(Data excerpts)
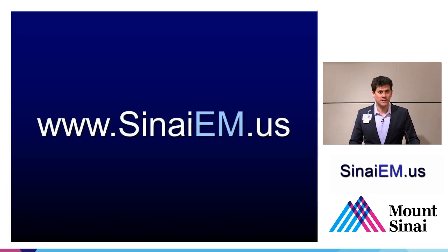More tips and tricks, tutorials, videos, and other resources are available at SinaiEM.us. Please visit that site, take part in the discussion, and contact me through the website with any thoughts or suggestions. Thank you.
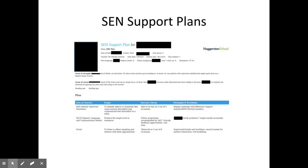As well as one-page profiles, we have also created an SEND support plan for students to monitor their progress. The support plan is based on the area of need a child has and is reviewed every three months.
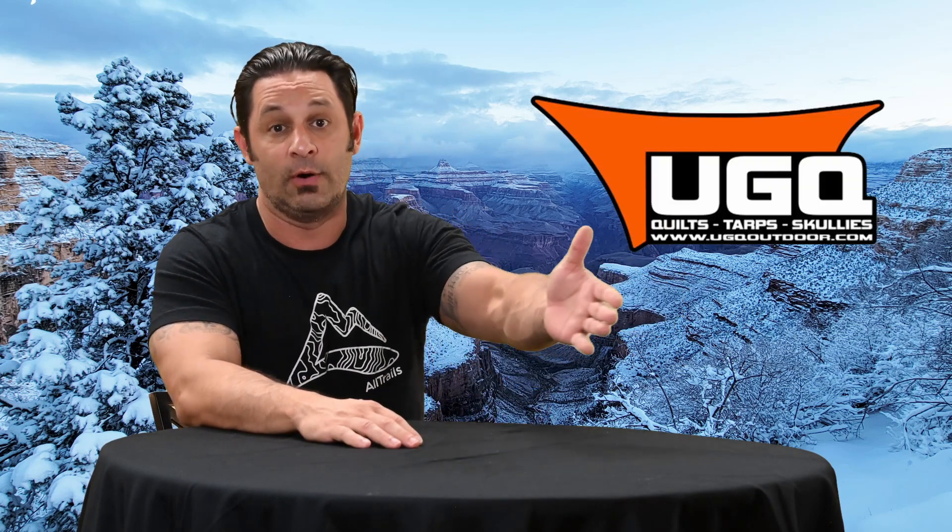If you have any questions for me please drop them in the comments. If you have questions directly for UGQ, they'd be happy to help you out. They're a small cottage company based here in the US, so they don't have a lot of overhead like the bigger companies and can pass savings along to you. You're also supporting a small business in the United States, so think about it — just jump on their website, get a quilt, and I guarantee you'll be comfortable in the backcountry.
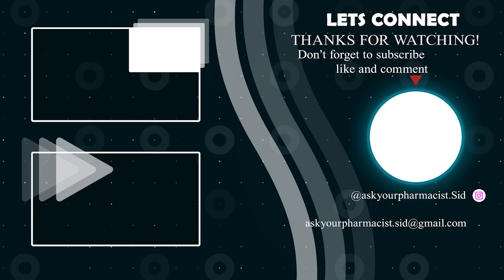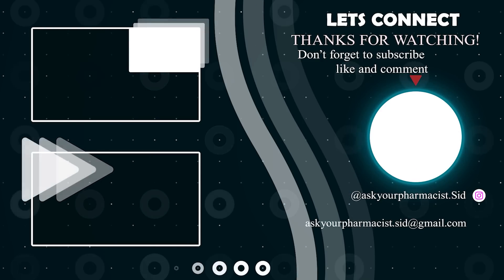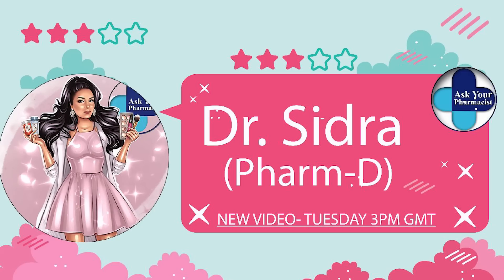That's it for today's video. I hope you found it helpful. If you have any questions or video suggestions, leave them in the comments and I'll see you next time with another informative video on health, pharmacy, and beauty. Until then, take care! If you found value in this video, give it a thumbs up, share it with your friends and family, and remember to subscribe to stay up to date on new weekly videos.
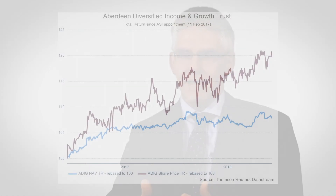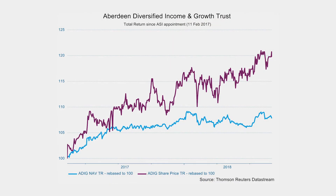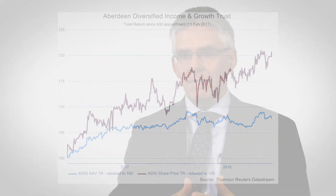Multi-asset funds such as Aberdeen Diversified Income and Growth Trust can invest in a wide range of asset classes with attractive return drivers and different risk characteristics. This means they can be more resilient during periods of weakness in equity markets — such as we saw earlier in the year when global equities fell by around 10% in sterling terms but our NAV fell by only two and a half percent. At the same time, our portfolio is naturally income generative and delivers an attractive yield to shareholders of around four and a quarter percent.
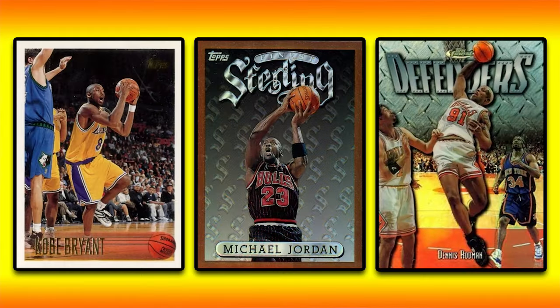Hey, what's up guys? Steve here and today we're going to take a look at the 50 highest selling 1995 through 1999 basketball cards from the PWCC weekly auction that ended on January 7th.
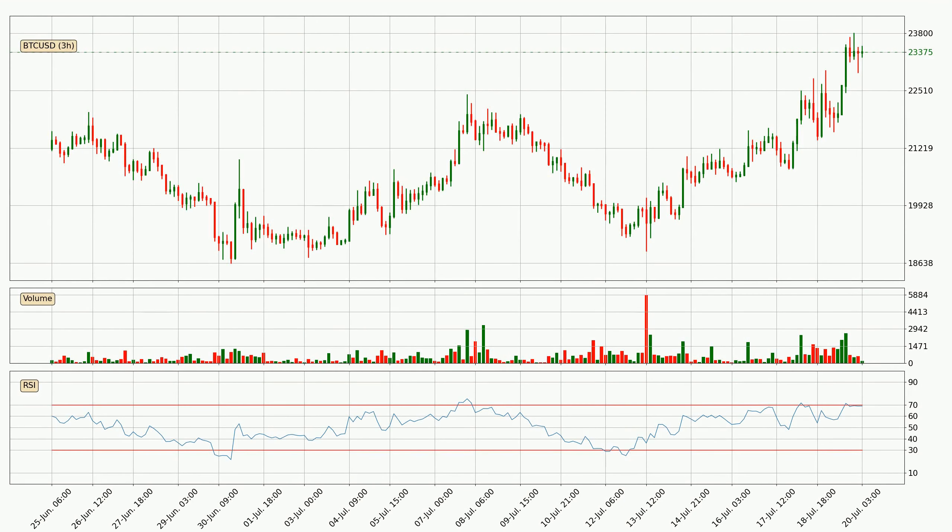Moving to the three hourly relative strength index, the current three hourly RSI of 69 is located in the upper region, meaning that the price is being overbought and we can expect a comeback or for the price to remain on track for some time. Searching for divergence in the three hourly time frame, owing to a bearish divergence, the price could go down from now on or at least remain stable for the time being.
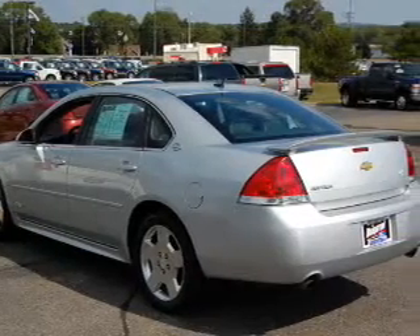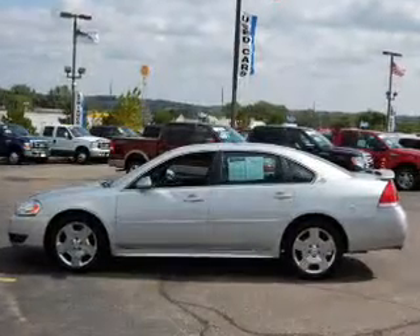We would love to talk to you more about this Impala. Please contact us for more information.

▶ [Aim of the exercise]:
Only the lines from the line that contains "Moving to the" through the end of the entries are to be written out, exactly and without pictures, both ends included.

▶ [Exercise result]:
Moving to the three hourly relative strength index, the current three hourly RSI of 69 is located in the upper region, meaning that the price is being overbought and we can expect a comeback or for the price to remain on track for some time. Searching for divergence in the three hourly time frame, owing to a bearish divergence, the price could go down from now on or at least remain stable for the time being.
We would love to talk to you more about this Impala. Please contact us for more information.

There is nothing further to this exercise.